If it is checked first uncheck it and click "ok" then recheck it and "ok" again on that screen and on the previous. You should be prompted for a Disk or a location to reinstall from.

c:\windows\options\cabs is the typical Win98 location for installed cabinet files if you do not have the CD.


----------



## chuck-HD (Jun 4, 2005)

Thanks, Rollin' Rog, I'll do that. chuck.


----------



## chuck-HD (Jun 4, 2005)

Hi, Rollin' Rog, Tried reinstalling from disk, it came up with a bunch of error messages and said it could'nt access the file from the disk. chuck.


----------



## Rollin' Rog (Dec 9, 2000)

Chuck you marked the thread as "Solved" ... yes? no? 

There are 3rd party clipboard utilities available on the web that many consider superior -- though I don't bother with them myself.

If you want I can probably upload a zipped copy of the Win98 version here for you -- when I'm not on XP.


----------



## chuck-HD (Jun 4, 2005)

Hi Rollin' Rog, Yes i marked the other one solved.
I guess i could try a third party clipboard, i can't seem to access mine even from the disk. Thanks, chuck.


----------



## Rollin' Rog (Dec 9, 2000)

Here you go, just download the attachment and unzip it to c:\windows

Then find it and right click on it and select Send To > Desktop as shortcut. You can drag and drop that on your Quicklaunch bar, which is how I use it.


----------



## chuck-HD (Jun 4, 2005)

Thanks, Rollin' Rog, I appreciate it. chuck.


----------



## chuck-HD (Jun 4, 2005)

Hi, I unzipped it, and now it's on quick launch, but everytime i click on it, it goes back to where i have to unzip it again.
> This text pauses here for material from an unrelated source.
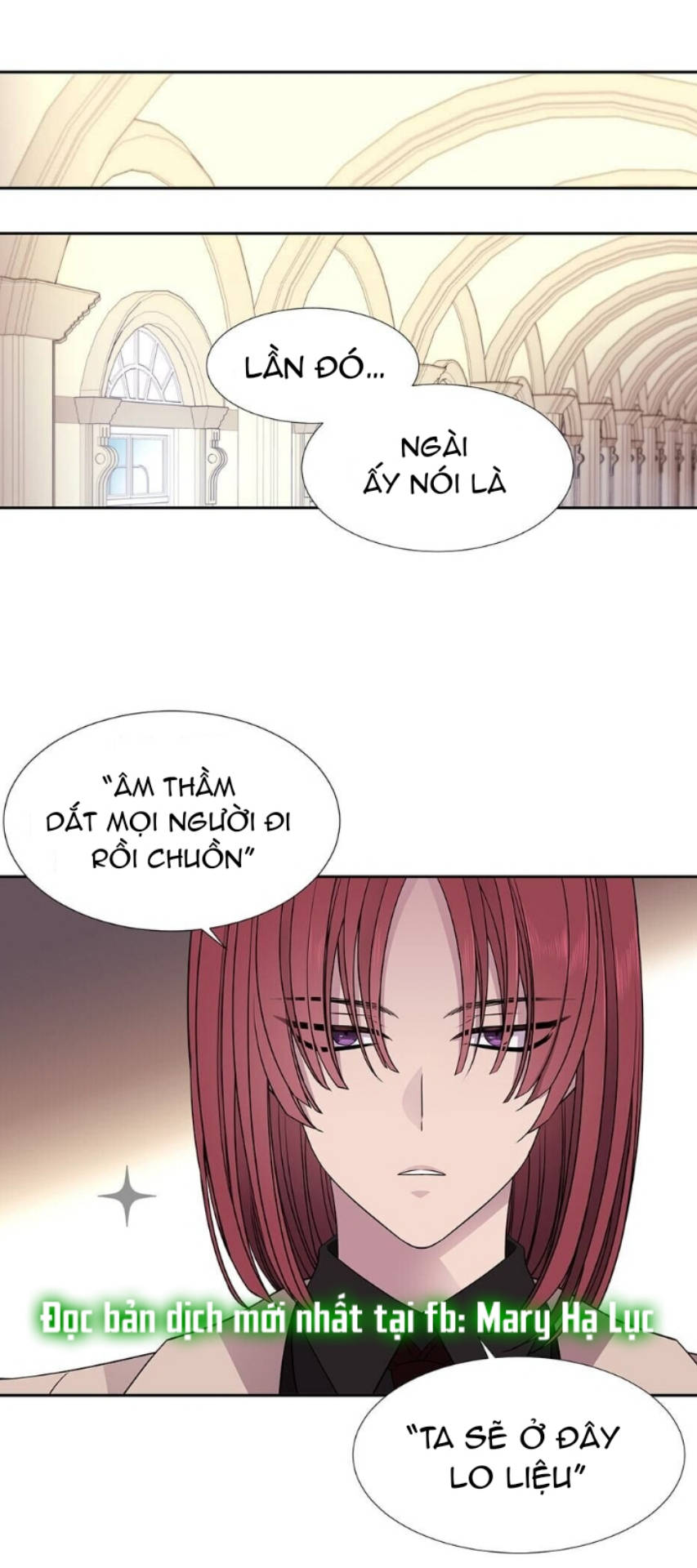 Năm Môn Đệ Của Charlotte Chap 60 - Next Chap 61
Am i doing something wrong?


----------



## Rollin' Rog (Dec 9, 2000)

It sounds like you did not actually move or copy it out of the zip container. Once you do that, so that the path is c:\windows\clipbrd.exe -- right click on that and create a new shortcut.


----------



## chuck-HD (Jun 4, 2005)

:up: chuck.


----------



## Rollin' Rog (Dec 9, 2000)

:up:


----------